You will learn about infrastructure as a code and how to deploy an Kubernetes cluster using Terraform.

#containers#kubernetes#eks#terraform

This is a 10-part series about Picturesocial:

  1. How to containerize an app in less than 15 minutes
  2. What’s Kubernetes and why should you care?
  3. How to deploy a Kubernetes cluster using Terraform (this post)
  4. How to deploy an app to Kubernetes
  5. How to analyze images with Machine Learning?

In our last post, Picturesocial - What’s Kubernetes and why should you care?, we learned about Kubernetes and why are we using it in Picturesocial. In this post, we are going to learn about infrastructure as a code and specifically how to deploy a Kubernetes cluster using Terraform.

I have been working on IT projects for years and something recurrent in my experience has been how developers work together with sysadmins, esspecially when the application pushes changes to the infrastructure and the way things are done traditionally. The application has to be adapted to the infrastructure or the infrastructure has to be adapted to the application. What happens if those infrastructure changes mean you can’t rollback easily?

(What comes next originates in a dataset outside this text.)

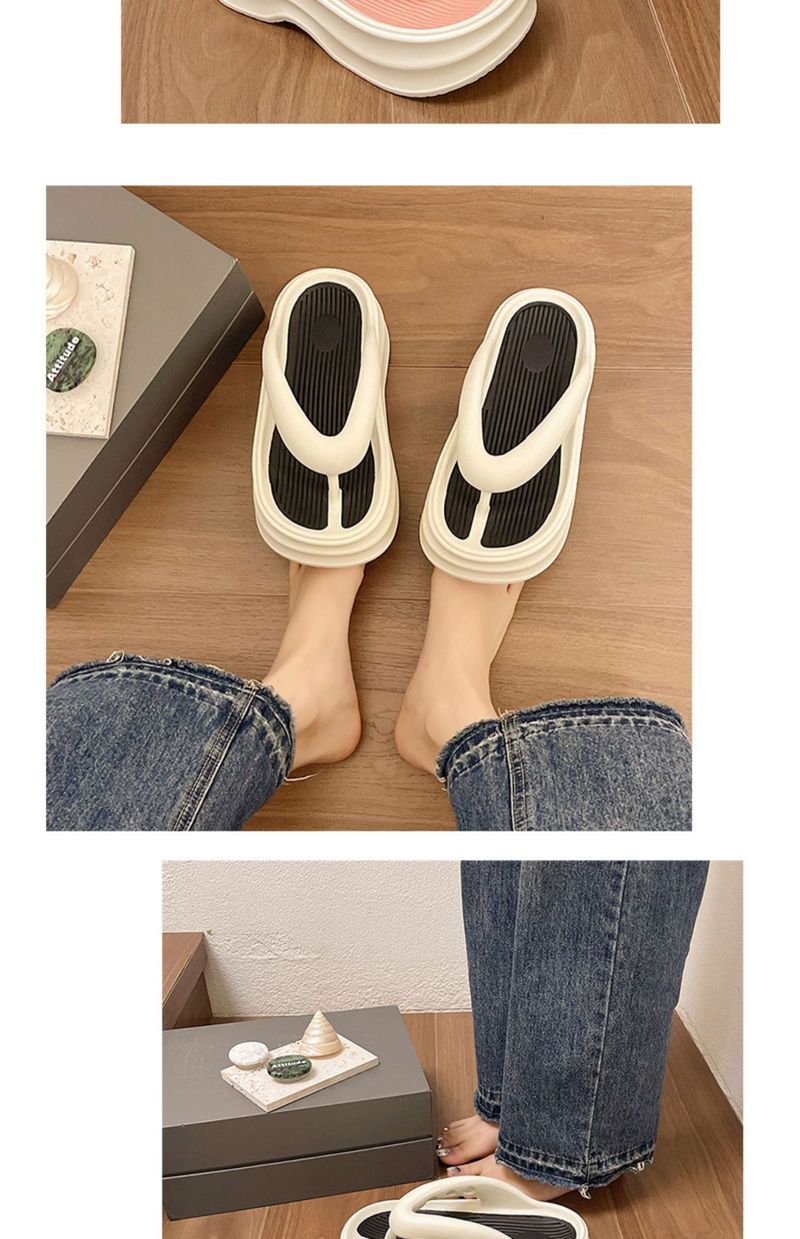Neue Sommer-Outdoor-Flip-Flops aus EVA mit dicker Sohle für Damen, modisch, online beliebt, Strand-Flip-Flops_voghion.com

In the past, we designed applications knowing that in most of the cases the infrastructure was static and that we had to deal with the constraints as something axiomatic and immovable. As we went forward into our path to the cloud, that paradigm started to break with the possibility to have theoretically all the compute we needed at the power of our hands almost immediately. That shift helped create a new set of solutions designed for those new capabilities, one of them was Infrastructure as Code (IaC)

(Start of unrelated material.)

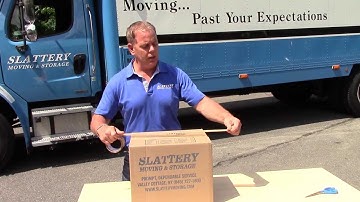 How Much Tape You Actually Need To Use For A Box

What is Infrastructure as Code?

When I was at school I liked to write stories for Dungeons and Dragons where the main character had to make choices that were selected by the reader, and depending on the choice, you would go through a very specific set of scenarios that can potentially be a very long and complex story or the end. If you made a choice, it wouldn't be possible to return to a point in the past and you were forced to go further. This is how things happen with infrastructure. You start with assumptions that make you choose and most of the changes are irreversible unless you know everything that happened from the beginning. That also means that keeping versioning of the infrastructure configuration in conjunction with the application would be possible but very difficult and that’s where Infrastructure as Code comes to action.

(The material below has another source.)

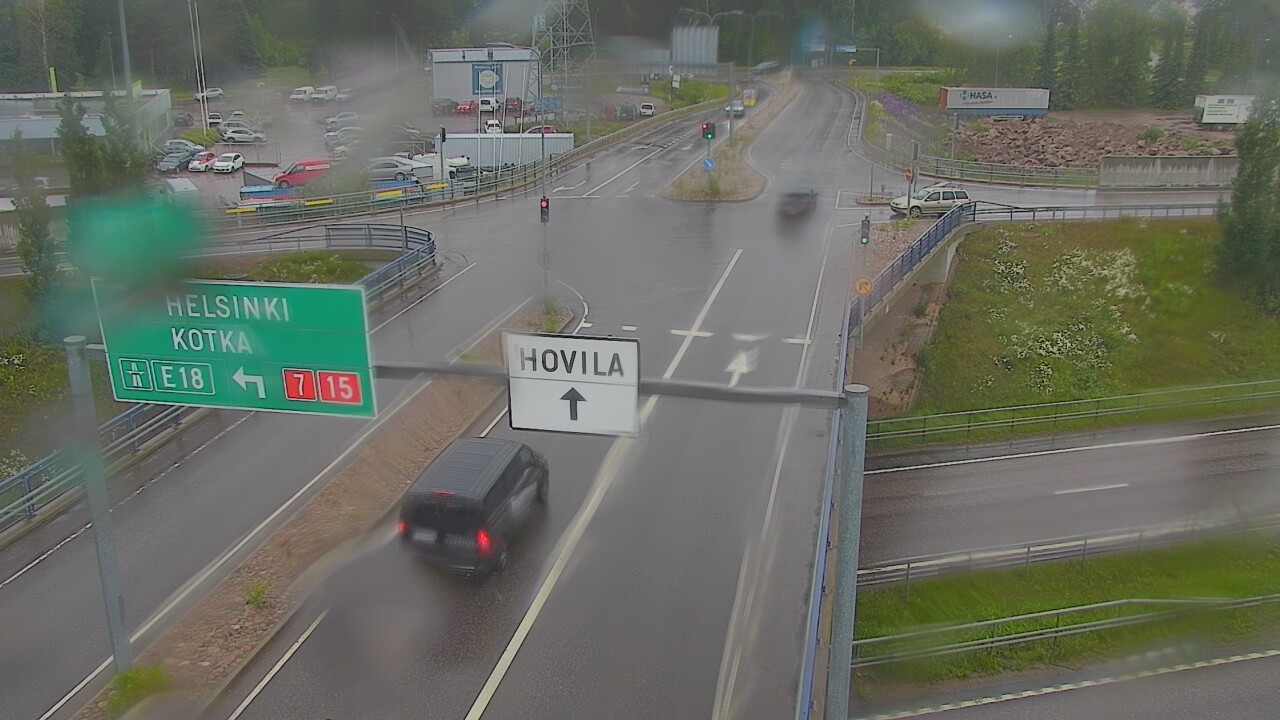Weather Camera Image Road 7 Kotka, Jumalniemi, Kotka, Kymenlaakso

Infrastructure as Code lets you define your infrastructure and configuration as developers create code and is composed by configuration files. Those configuration files are interpreted and transformed in infrastructure and configuration on your hybrid or public cloud environment. IaC lets you keep versions of every change for rollout and rollback. You can even create tests to understand what those changes mean before applying it.

For Picturesocial, I decided to use Hashicorp Terraform for our Infrastructure as Code definition, because I have been using it for years and I feel sure that I can scale my architecture and infrastructure without spending much time learning a new tool. But also, there are other great tools out there like AWS CDK, AWS CloudFormation, Pulumi, Ansible, Chef, Puppet, etc. that can also help you. The best option is the one that makes you feel comfortable and productive.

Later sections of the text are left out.